HOUSTON — It might start by cutting someone off or flipping them off. Too often, it ends in violence, and crash records show road rage is getting worse in Harris County.
“I think there are many contributing factors to the road rage problem,” Houston Police Commander Michael Collins said. “People can make, you know, the simplest gesture, an abrupt lane change. Something like that can spark somebody’s temper, and something bad can happen.”
From January through April this year, law enforcement agencies reported 107 road rage crashes in Harris County to the Texas Department of Transportation. That’s up 13% from the 95 reported during the same time last year. Injuries are up 26%.
Looking further back, Harris County has seen 1,010 suspected road rage-related crashes since 2018. They happened most often between 3 p.m. and 8 p.m., during the rush hour commute home.
“At the end of their day, they’re tired. You know, they may have had a bad day at work,” Collins said. “And again, the smallest thing can set them off.”

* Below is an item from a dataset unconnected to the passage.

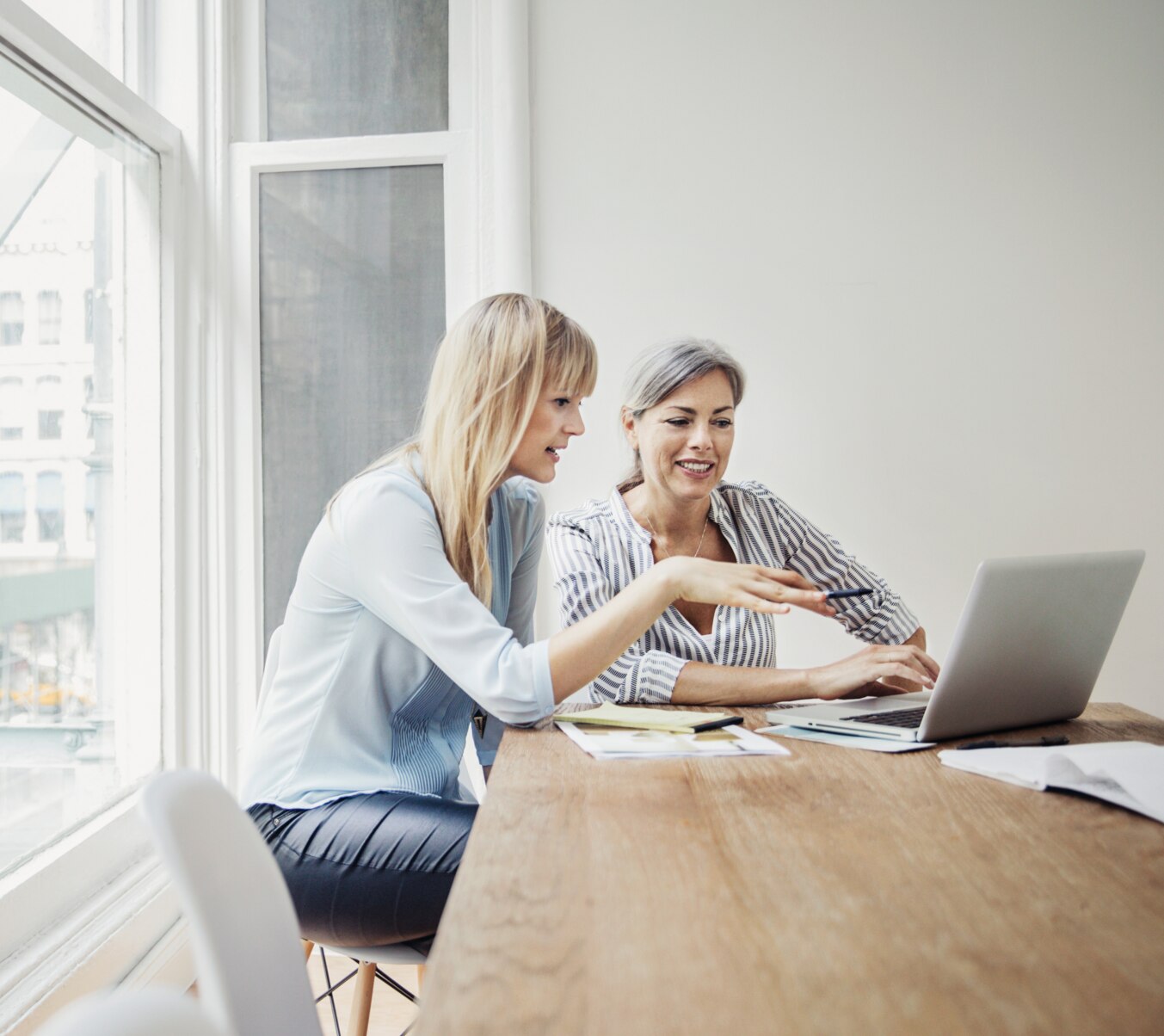 Two female coworkers discussing something while working on a laptop.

A KHOU 11 analysis of the TxDOT crash data also reveals hot spots where road rage crashes happened the most over the past four years.
Those include Highway 290 and Beltway 8 in northwest Harris County, I-69 in Humble, and several clusters along I-45 between the I-610 north loop and the Harris-Montgomery county line.

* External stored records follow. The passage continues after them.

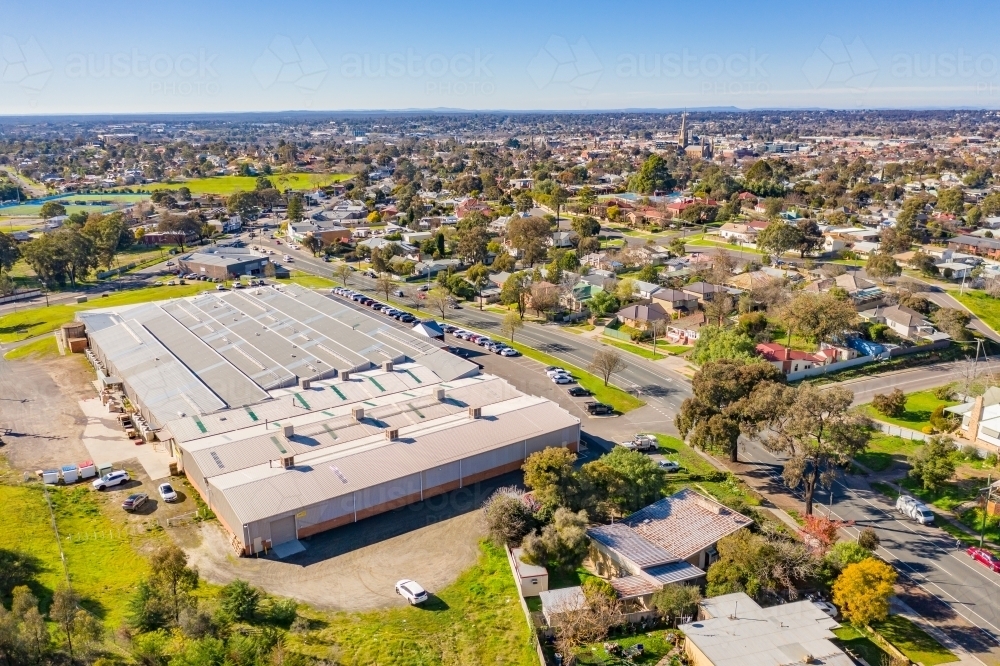 Aerial view of a large warehouse on the edge of a regional city - Australian Stock Image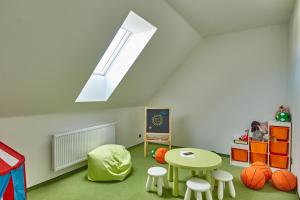 Posteľ alebo postele v izbe v ubytovaní Apartmány Volarik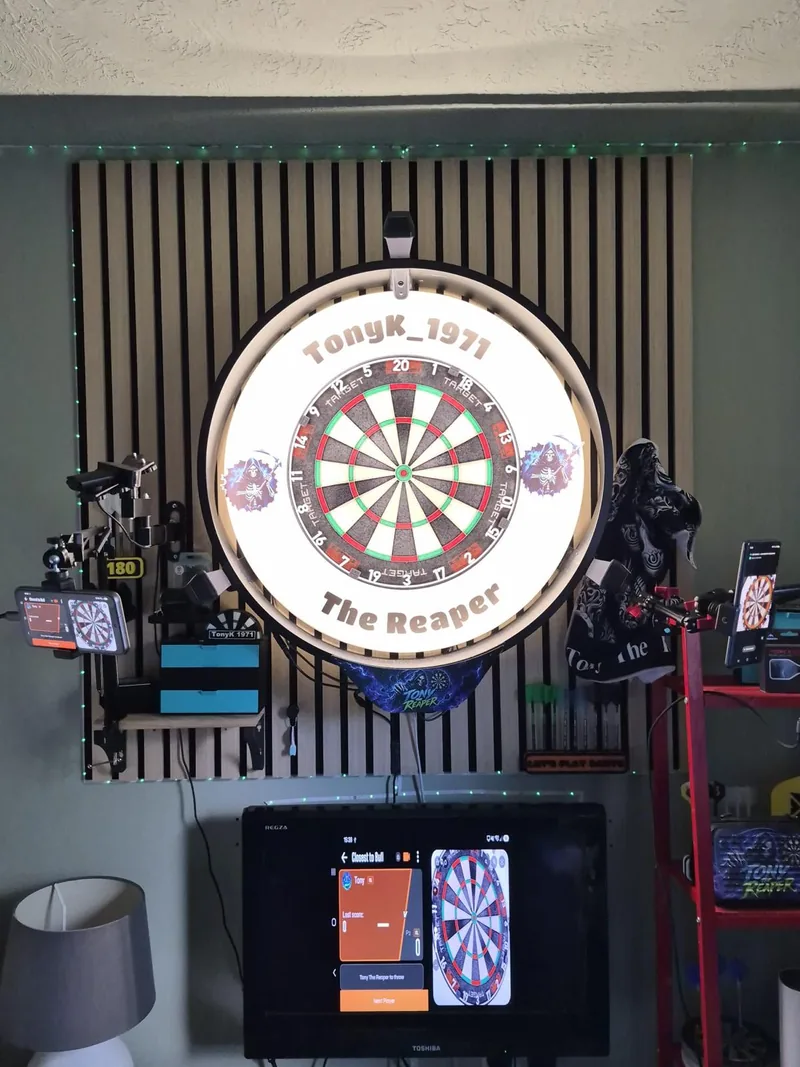 A custom-branded dartboard with the DartsKEY scoreboard on a monitor underneath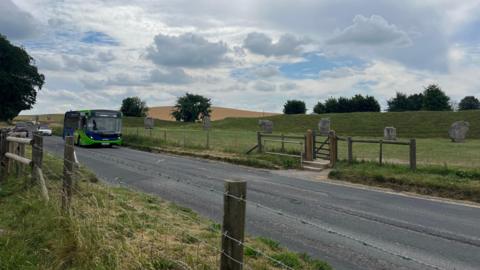 The road running through Avebury with traffic, including a bus, approaching. Behind the road can be seen a field with part of the large stone circle visible, and behind those stones is a grassy embankment with trees in the distance. 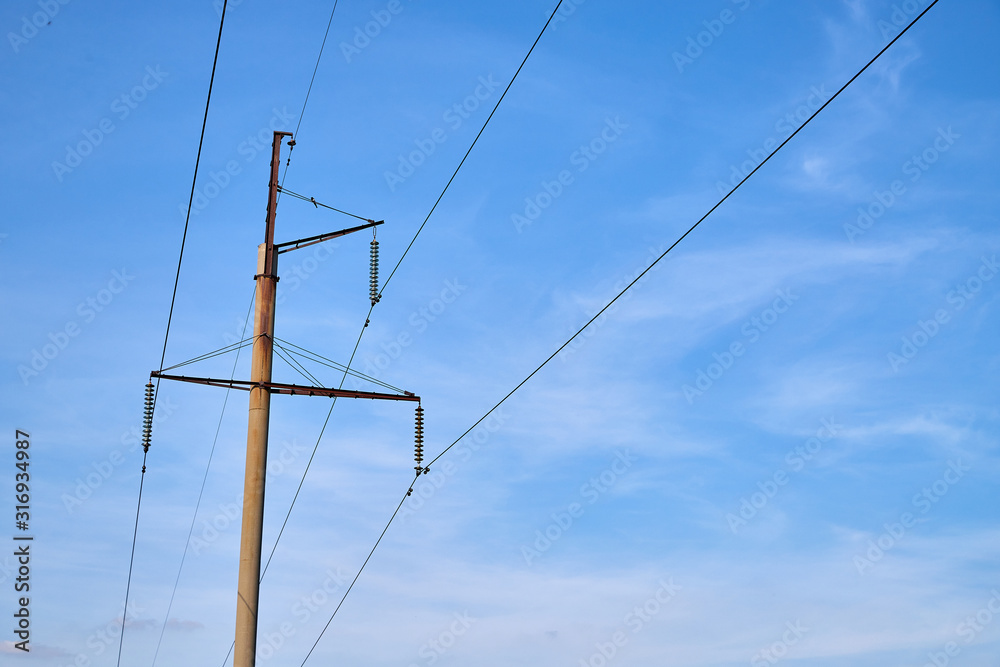 Electric power lines and wires with blue sky. Support of power lines in a nice day Electric power lines and wires with blue sky. Support of power lines in a nice day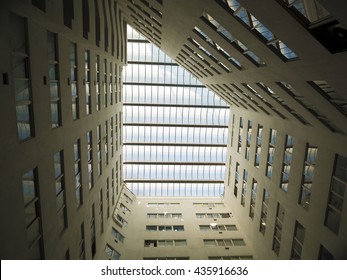 Looking up to the bright light sky through modern quardrilateral ceiling window
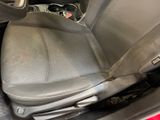 a seat in the back of a car with a cup holder in it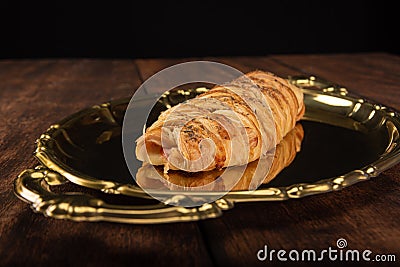 Salty bread stuffed with cheese and ham on a golden tray. Selective focus Stock Photo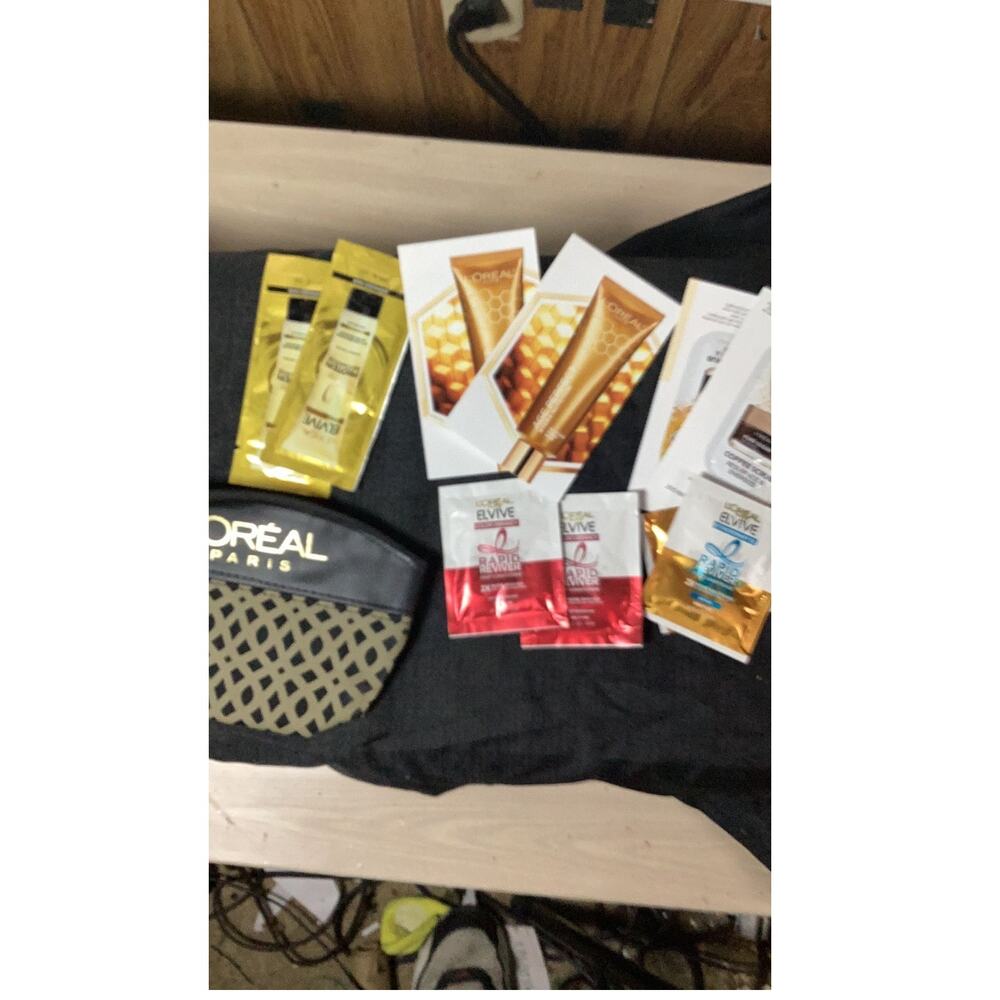 L'Oréal Small Gold And Black Makeup Bag with a sample assortment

Collins heads HPD’s vehicular crimes division and sits on the Harris County road rage task force along with members of the Harris County Sheriff’s Office, the Texas Department of Public Safety and the Harris County District Attorney’s Office, including Assistant District Attorney Sean Teare.
“It is ugly and it’s getting uglier from what we’re seeing,” Teare said. “It’s not just crashes, it’s a whole host of criminal activity.”
When the task force was launched in December, law enforcement reported approximately 200 road rage-related shootings in 2020, a 33% increase from the same time in 2019. Officials then announced plans to put undercover officers on Harris County highways to try to prevent road rage before it ever happens.
“In normal everyday cars driving the roads so that we can grab these people, we can identify the aggressive driving before it escalates to a shooting or crash,” Teare said.
The month-long undercover operation resulted in 1,700 citations written and netted about 40 felony and misdemeanor arrests by Houston police.
“It’s got to stop and so we’re going about it a number of different ways and we think eventually we’re going to see our numbers go down,” Teare said.